Every night our chef, Sofia, placed a hand on her heart and said, “This is my special dish for you. I hope you will love it.” Her recipes were handed down from her grandmother, to her mother, to her. Her oils were infused with spices for months to gather flavor. Her lemons preserved to produce a fusion of Mexican and North African flavors.
The days gave me something I didn't realize how much I needed. Time to myself. Time completely for me to take care of only me … it was as though every day I drank from a nectar that made me feel stronger, happier, and less tangled.
I am the same as the women who came on my retreats to the various places I’ve led them. It took me a lot to show up. I put aside the money. I put aside the time. I worked out logistics for my kiddo’s and I lent on the help of others – husband included. And I gave myself a precious gift.
And all the fear of change and fear of the unknown that had prevented me from going on retreat sooner… Ha! Back home, post retreat, I realized I needed to drop one of my dance classes that didn’t bring me joy and gobbled up precious time. I realized I needed to get rid of my chickens (will send them back to the farm from whence they came as they are good layers and don’t need their heads chopped off yet) because they have become one more thing to take care of and my attempts at sustainability won’t fail just because I don't have chickens. I realized I needed to spend more time doing my own movement self-practice (not just taking other people’s classes). And I realized I needed more community and that part’s a little tricky coz soul friends don’t grow on trees.
And on the writing front magic happened. I had a couple of breakthroughs in my novel. The end of the first draft is in site. It has a new twist that gives the story line depth and suspense.

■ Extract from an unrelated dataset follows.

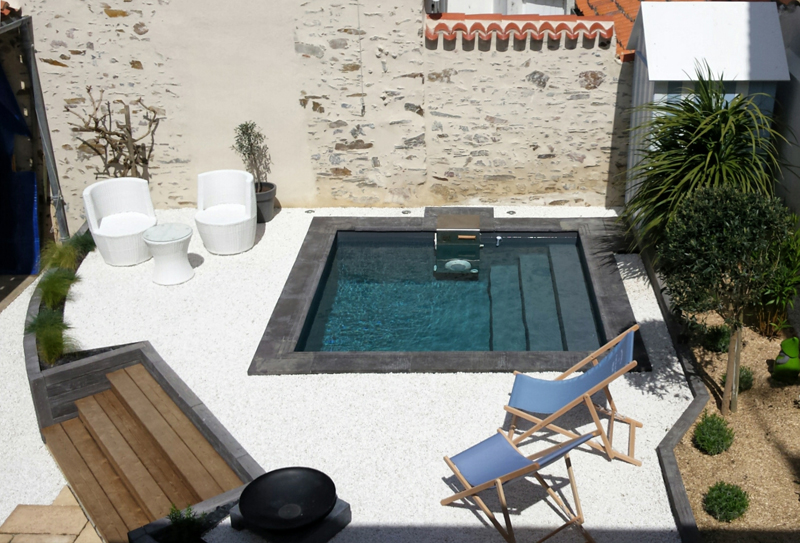 Une piscine enterrée de petite taille avec un look très design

So… all in all here’s what I believe:
· We must claim space for ourselves otherwise our light grows dim under the piles of laundry, the to-do lists, the errands, the to-and fro-ing of children here and there.
· We must claim space for ourselves otherwise we never shine as brightly as we might.
· We must claim space for ourselves because each of us that shines is a beacon for another to shine brightly, a reminder to another dear friend to take good care, a reminder to our daughters and sons to always take good care of themselves.
Here are a few mini retreat ideas for you if it’s time to dive deeper into your interior world and let yourself shine brighter:
· Ask yourself what you’re resisting. Make a list, brain storm, brain dump, keep your hand flowing as you write down all the things – see if there’s anything juicy in there you’re open and ready to change.
· Find someone you trust to go on a retreat with! I’ll have upcoming retreats listed on my website.
· Buy a book and create your own retreat. Here’s the book my retreat leader/writing teacher wrote: Women's Retreat Book.
· Plan a ‘desert day’ a month. A wise nun said to my sister that in her community they take an hour a week, a day a month and a week a year for personal retreats. They call them their monthly ‘desert days’ and are respectful of that time.